Calculating $\lim_{n \to \infty}(a(m,k))^m$ where $a(m,k) = \frac{4^m}{{2m \choose m}}P(X = m+k)$ and $X \sim B(n,1/2)$

Question

I have a question about an exercise from the book Probability Essential, 2nd edition (Jacod, J. & Protter, P., 2004, p. 34). It is from a chapter 5 called "Random Variables on a Countable Space". The question is formulated in the following way: "Let $X$ be Binomial $B(1/2,n)$ where $n = 2m$. Let $$a(m,k) = \frac{4^m}{{2m \choose m}}P(X = m+k)$$ Show that $\lim_{n \to \infty}(a(m,k))^m = e^{-k^2}$." But what is $B(1/2, n)$? or maybe they mean $B(n,1/2)$? Assume that it should be $B(n, 1/2)$, how can I prove this limit? So this is my approach: \begin{align*} a(m,k) &= \frac{4^m}{{2m \choose m}}P(X = m+k)\\ &= \frac{4^m}{{2m \choose m}}{2m \choose m+k}\frac{1}{2^{m+k}}\frac{1}{2^{2m - m - k}}\\ &= \frac{4^m}{\frac{(2m)!}{m!m!}}\frac{(2m)!}{(m+k)!(m-k)!}\frac{1}{2^{m+k}}\frac{1}{2^{m - k}}\\ &= \frac{4^m}{(m!)^2}\frac{(2m)!}{(m+k)!(m-k)!}\frac{1}{2^{2m}}\\ &= \frac{4^m}{(m!)^2}\frac{(2m)!}{(m+k)!(m-k)!}\frac{1}{4^m}\\ &= \frac{1}{(m!)^2}\frac{(2m)!}{(m+k)!(m-k)!} \end{align*} Can I further simplify this? I don't see quiet yet how $(a(m,k))^m$ converges to $e^{-k^2}$ as $m \to \infty$. Should I find an upper bound such as $$\left(1-\frac{k^2}{m}\right)^m$$ since it converges to $e^{-k^2}$?

Answer 1

You put $m!^2$ in the denominator instead of the numerator, and you cancelled one factor of $(2m)!$ but not the other.

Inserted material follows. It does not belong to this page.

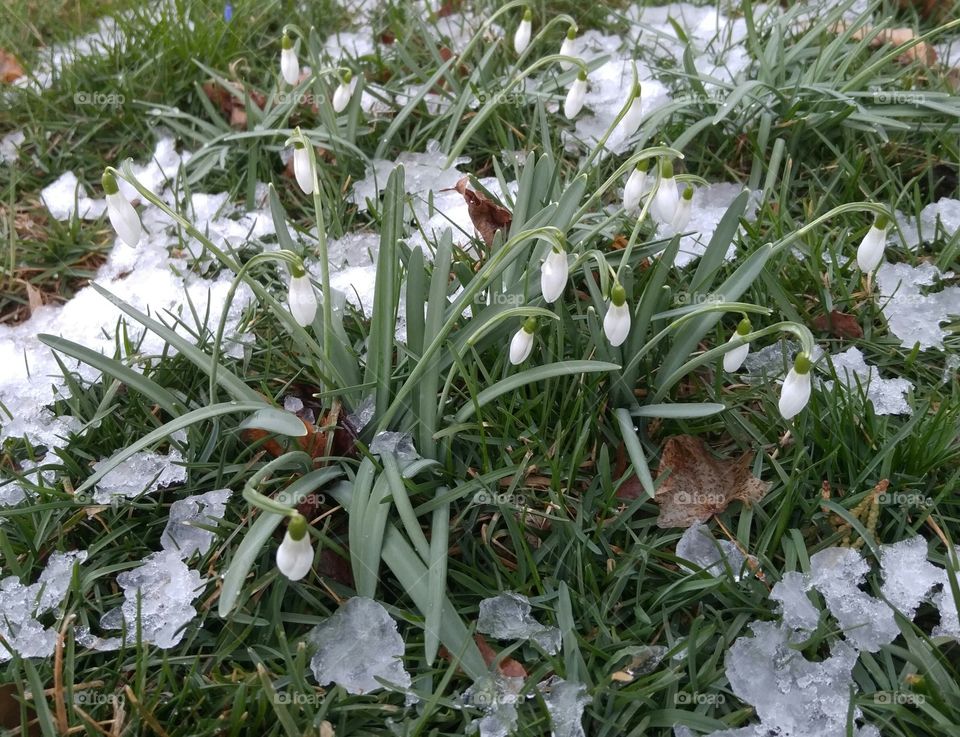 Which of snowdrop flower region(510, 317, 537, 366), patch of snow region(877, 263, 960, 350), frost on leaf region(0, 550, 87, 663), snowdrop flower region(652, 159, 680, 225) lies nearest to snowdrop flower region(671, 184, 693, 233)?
snowdrop flower region(652, 159, 680, 225)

Without these mistakes, you get

\begin{eqnarray} \frac{m!}{(m-k)!}\frac{m!}{(m+k)!} &=& \frac{m(m-1)\cdots(m-k+1)}{(m+k)(m+k-1)\cdots(m+1)} \\ &=& \frac{\left(1-\frac1m\right)\cdots\left(1-\frac{k-1}m\right)}{\left(1+\frac km\right)\cdots\left(1+\frac1m\right)} \\ &=& 1-\sum_{j=1}^{k-1}\frac jm-\sum_{j=1}^k\frac jm+O\left(m^{-2}\right) \\ &=& 1-\frac{(k-1)k}2\cdot\frac1m-\frac{k(k+1)}2\cdot\frac1m+O\left(m^{-2}\right) \\ &=&1-\frac{k^2}m+O\left(m^{-2}\right)\;, \end{eqnarray}

and then raising to the $m$-th power and taking the limit $m\to\infty$ yields $\mathrm e^{-k^2}$.

Answer 2

Alright, so it appears that I have made a mistake in my own approach. Thanks to the comments I think I know how to prove the limit now. We have \begin{align*} a(m,k) &= \frac{4^m}{{2m \choose m}}P(X = m+k)\\ &= \frac{4^m}{{2m \choose m}}{2m \choose m+k}\frac{1}{2^{m+k}}\frac{1}{2^{2m - m - k}}\\ &= \frac{4^m}{\frac{(2m)!}{m!m!}}\frac{(2m)!}{(m+k)!(m-k)!}\frac{1}{2^{m+k}}\frac{1}{2^{m - k}}\\ &= 4^m{(m!)^2}\frac{1}{(m+k)!(m-k)!}\frac{1}{2^{2m}}\\ &= 4^m{(m!)^2}\frac{1}{(m+k)!(m-k)!}\frac{1}{4^m}\\ &= \frac{m!}{(m+k)!}\frac{m!}{(m-k)!}\\ &= \frac{m(m-1)\cdots(m-k+1)}{(m+k)(m+k-1)\cdots(m+1)} = \frac{\prod_{j=1}^{k-1}(1 - j/m)}{\prod_{j=1}^k(1 + j/m)} \end{align*} Therefore, as $m \to \infty$, $$(a(m,k))^m \to \frac{\prod_{j=1}^{k-1}e^{-j}}{\prod_{j=1}^ke^j}.$$ Simplifying its limit: \begin{align*} \frac{\prod_{j=1}^{k-1}e^{-j}}{\prod_{j=1}^ke^j} &= \frac{e^{-1}e^{-2}\cdots e^{-k+1}}{e^ke^{k-1}\cdots e^2e^1}\\ &= \frac{e^{-1 - k}e^{-2 - k + 1}e^{-3-k +2}\cdots e^{-k + 1 - 2}}{e^1}\\ &= \frac{e^{-1 - k}e^{-1 - k} \cdots e^{-1 - k}}{e^1}\\ &= \frac{e^{(k-1)(-1 - k)}}{e^1} \ \ \ \ \ \ \ \ \ \ \ \ \ (\text{there are} \ k - 1 \ \text{terms})\\ &= \frac{e^{-k^2 + 1}}{e^1} = e^{-k^2}. \end{align*} We conclude that $$\lim_{m \to \infty}(a(m, k)^m) = e^{-k^2}.$$